India is a country where we have numerous players in textile industry which all are
varied in terms of size and power. There has been increase in production and supply of
textile products in last few decades globally, mainly due to rapidly changing social and
economic structure of the countries worldwide. In past few years, especially after the
removal the trade related tariffs and non tariff barriers in 2005, Asian countries such as
India, china, Hong Kong and Japan have emerged as major players in this particular
industry, mainly due to their changes on economic front and infrastructure
developments.
The large number of available suppliers in India gives an initial indication of a weak
bargaining position for the supplier group.
Additionally, the supplier group lacks switching costs and has a low level of product
differentiation. This leads to great possibilities for textile manufacturers to scout the
supplier group for best terms and prices for production. As a result, manufacturers can
contact a large number of suppliers and play suppliers against each other. Such
behavior weakens the bargaining power for suppliers and as a result pushes prices
down and makes prices similar among suppliers.
An advantage which the Indian Suppliers group have capitalized on is,
Due to their ability to integrate forward in value added chain, they have achieved a
better bargaining position towards textile manufacturing.
As previously seen, companies in the textile and apparel sector have established
forward to create vertically integrated company groups.
Deep relationships between manufacturers and suppliers illustrate how important the
textile manufacturing industry is for the supplier group.

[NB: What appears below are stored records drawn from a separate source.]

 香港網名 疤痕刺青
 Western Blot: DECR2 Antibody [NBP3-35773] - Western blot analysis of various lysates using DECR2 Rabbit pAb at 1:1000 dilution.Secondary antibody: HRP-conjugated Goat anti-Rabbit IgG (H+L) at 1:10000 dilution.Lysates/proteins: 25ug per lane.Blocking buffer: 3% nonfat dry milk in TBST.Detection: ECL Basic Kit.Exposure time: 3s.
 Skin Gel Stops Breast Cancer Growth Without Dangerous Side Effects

An example of this is how
suppliers and manufactures interact in activities such as research and development
(R&D). By this process the supplier obtains knowledge on what customers downstream
in the value added chain demands.
4) Threat of substitute products
When using such a broad term as Textile, there are obvious reasons for identifying

substitute product groups proves difficult.


Of course, there are variations in types of clothing and material. Variations in textile
segment can also be identified as trends in fashion and styles. Hence products within
the apparel segment can act as substitutes but the general conclusion still stands;
theres no substitute to apparel.
5) Competitive rivalry within the industry
The textile manufacturing segment in India is made out of numerous manufacturers
which all are varied in terms of size and power. It is a massive sector with thousands of
companies producing apparel. The apparent high growth rate of total textile exports
indicates that the rivalry between manufacturers is low. The growth rate is high in some
product segments but even negative in others. Hence, the rivalry between apparel
manufacturers is diverse since they enjoy different growth rates.

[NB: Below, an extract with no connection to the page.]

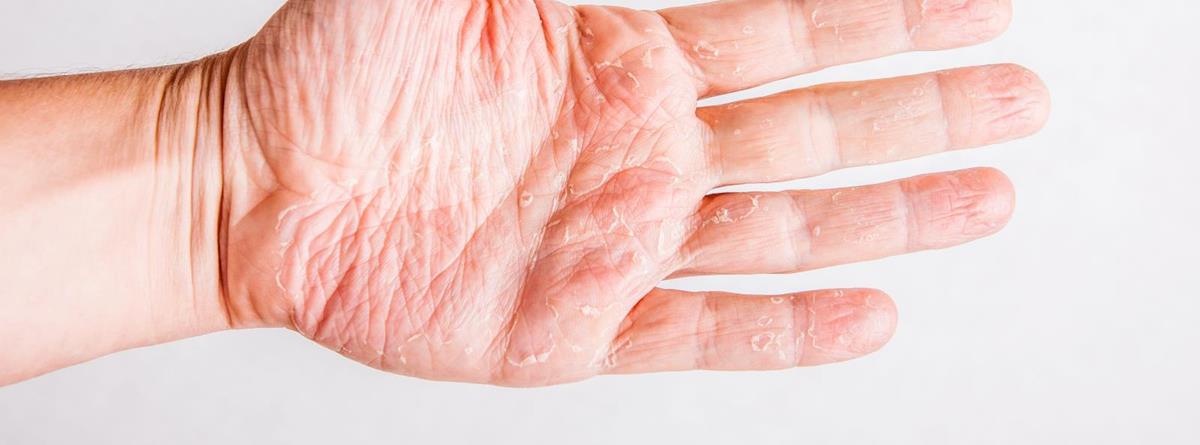 eksem på hænder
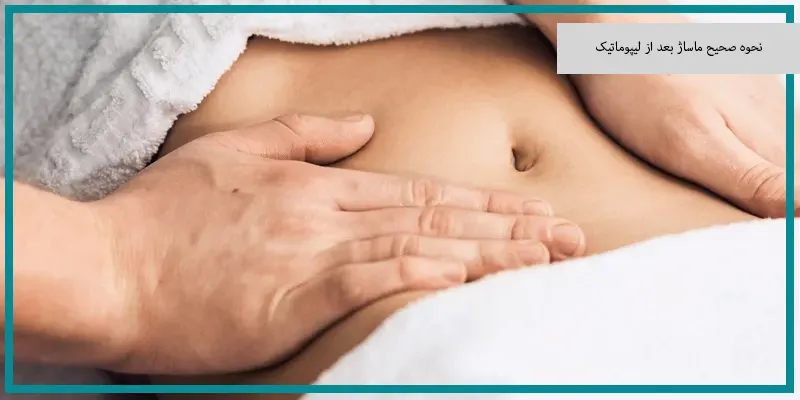 نحوه صحیح ماساژ بعد از لیپوماتیک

Additionally, textile as a perishable product group is in the risk of temptations to cut
prices when demand slackens. For example, when there are recessions in the business
cycle apparel prices will drop significantly in price. Both these factors exemplify and
indicate that the rivalry between manufacturers is high.
As Indian apparel manufacturers are pressured to lower prices in order to stay
competitive with companies abroad, the overall rivalry within the industry gets
companies to expand their customer base in order to keep profits up. It is therefore
reasonable to believe that such expansions may occur on the behalf of competitors if
possible, and thereby increase the rivalry in the industry.